この研究では、精神障害の原因となった具体的出来事について視覚的に理解しやすいレーダーチャート作成しました。そして、具体的出来事の6つの出来事類型について重点5業種(522件)ごとに全業種(1,362件)と比べてみました(図2)。なお、レーダーチャートの数値は、全業種または重点5業種の労災認定事案数をそれぞれ100として、各類型の出来事数の割合を算出しています。

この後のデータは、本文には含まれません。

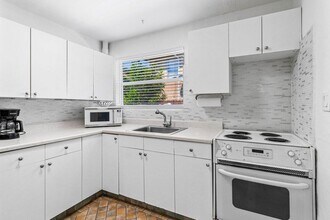519 29th St in West Palm Beach, FL - Building Photo - Building Photo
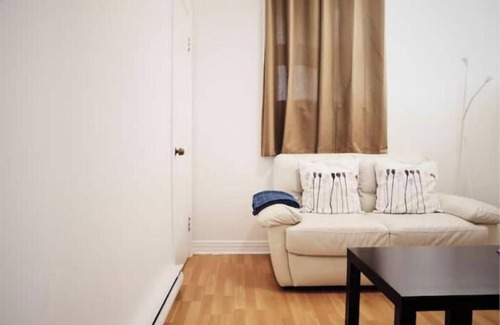 Cote-Saint-Paul Apartment | Entire 2-BR Cozy Monthly stay Green Line near DT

それぞれ業種別にレーダーチャートを見ると、医療,福祉と運輸業・郵便業は「事故や災害の体験」、教育,学習支援業は「対人関係」、宿泊業,飲食サービス業と情報通信業は「仕事の量・質」が多いことが分かります。
図2-1.医療,福祉 |
図2-2.運輸業・郵便業 |
図2-3.教育,学習支援業 |
図2-4.宿泊業,飲食サービス業 |
図2-5.情報通信業 |
図2. 過労死等防止重点5業種における精神障害事案の具体的出来事の特性図
次に、自殺事案(重点5業種61件)のみを取り上げて全業種(241件)と比較しました(図3)。全業種と比べ、教育,学習支援業、医療,福祉、及び運輸業・郵便業は「仕事の失敗、過重な責任等の発生」、宿泊業,飲食サービス業は「対人関係」、情報通信業は「仕事の量・質の変化」が多いのが見て取れます。
図3-1.医療,福祉 |
図3-2.運輸業・郵便業 |
図3-3.教育,学習支援業 |
図3-4.宿泊業,飲食サービス業 |
図3-5.情報通信業 |
図3. 重点5業種における精神障害自殺事案の具体的出来事の特性図
4.おわりに
以上のように、精神障害の労災認定要因となった業務上の具体的な出来事が業種によって異なっていることを、数値だけでなくレーダーチャートを用いて“見える化”することで、それぞれの業種における心理的な負荷の状況を把握・理解しやすくなりました。また、このレーダーチャートは、各業種の心理的負荷の特徴に応じた職場環境改善及び予防対策の具体的な取り組みを支援するツールの1つとして活用できる可能性があります。例えば、医療・福祉と運輸業・郵便業は長時間労働対策だけでなく事故や災害防止の取り組みに力点を置き、教育・学習支援業は長時間労働対策に加えて対人関係をより重視した取り組み、宿泊業,飲食サービス業と情報通信業は「仕事の量・質」に直結する長時間労働対策等に優先的に取り組む必要があること等の視点がみえてきます。今後、重点5業種だけでなく、それ以外の業種・職種、性別、事業場規模別等のデータについても“見える化”を応用して、さらなる知見の蓄積を進めていく予定です。